Le réel ou le trop réel justement effraie. Désormais les bars bondés font fuir les courageux, alors que s’offrir un profil déshumanisé est un luxe que la technologie nous sert sur un plateau. Manque d’opportunité en raison de sa vie professionnelle : TINDER ou le Drive de ceux qui n’ont pas le choix, plus le temps. Mais derrière la praticité, se cache la nouvelle routine des jeunes. Adieu métro boulot dodo, et embrassons à pleine bouche le « salut ça va- date- et bonne continuation ». Schéma frénétique, presque obsessionnel, rencontrer virtuellement est le nouveau gage de contact humain.

Pourtant le petit cupidon moderne est tabou. Perçu comme un vice par les anciens, TINDER met en lumière les maux de l’humanité toute entière : il ne s’agit pas de juste flirter, débrider sa sexualité mais simplement combler sa solitude, palier à un manque, se rassurer. Pour d’autres, effleurer l’application plus futilement c’est un moyen accessible d’être libre, et surtout d’oser l’inosable. Tinder rassure, ce n’est pas qu’une histoire de fesse, parce que dans toutes les histoires d’amour il y a aussi des petites pêches, c’est aussi un moyen de donner la parole sur le sujet du corps et des émotions, sans s’enfermer dans le carcan de la petite pomme croquée qui mène à la maison, au chien et aux enfants.

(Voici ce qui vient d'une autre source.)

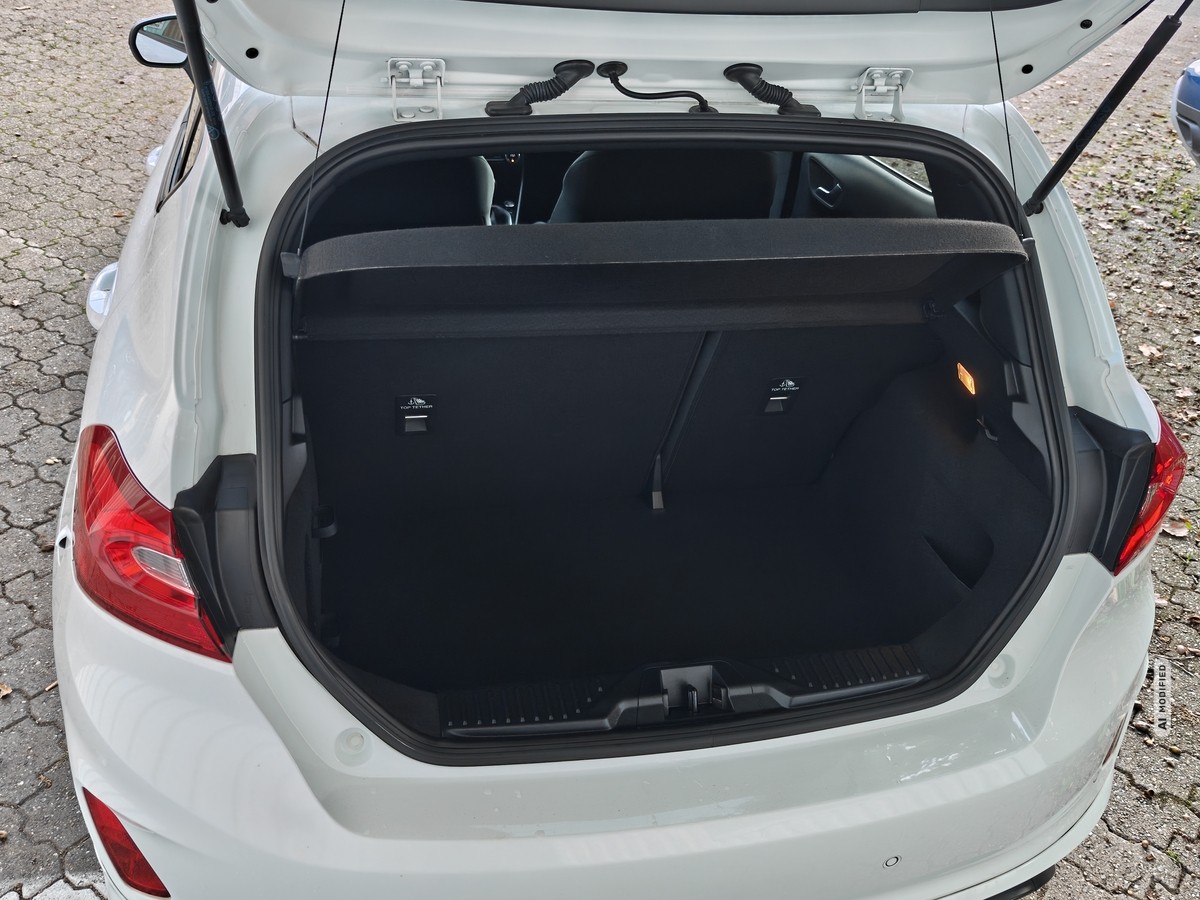 Ford Fiesta 1.0 l EB ST LINE  APPLINK  SHZ KLIMA MFL SPOSI PDC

Je veux être responsable de mon irresponsabilité

Prépa, master et bac +8 rien n’arrête plus les petits cerveaux actuels. Toujours plus, toujours plus vite. On privilégie sa carrière, et on sauve l’honneur sur TINDER.

Après quelques épisodes de Mariés aux premiers regards, on s’inscrit. On s’imagine déjà avec une belle robe et surtout avec de la naïveté en quelques clics c’est parti pour une aventure utopiste. Toujours plus rêveurs les adeptes vous le diront : photos non contractuelles, techniques d’approches à base de GIF, on pense différenciation et originalité dans le seul but de savoir qui est sur l’application. On s’amuse à voir qui à rejoint le groupe, parce que Tinder c’est désormais presque une appartenance sociale : un groupe, une famille. Les membres se reconnaissent, s’apprivoisent. Mais si, la facilité était le plus grand escroc du siècle ?

On achète bio et moins, on préfère la qualité à la quantité mais on consomme en masse sur internet. Rien n’a le temps de pousser, ni les sentiments ni la sincérité.

TINDER finalement c’est ça : on vit connectés sur les réseaux, chaque clic déconnecte un peu plus. L’an 2000 n’a engendré aucun bug, si ce n’est celui de sacrifier la réalité. A coup de swip, les générations branchées rêvent de ce qu’elles fuient : vivre.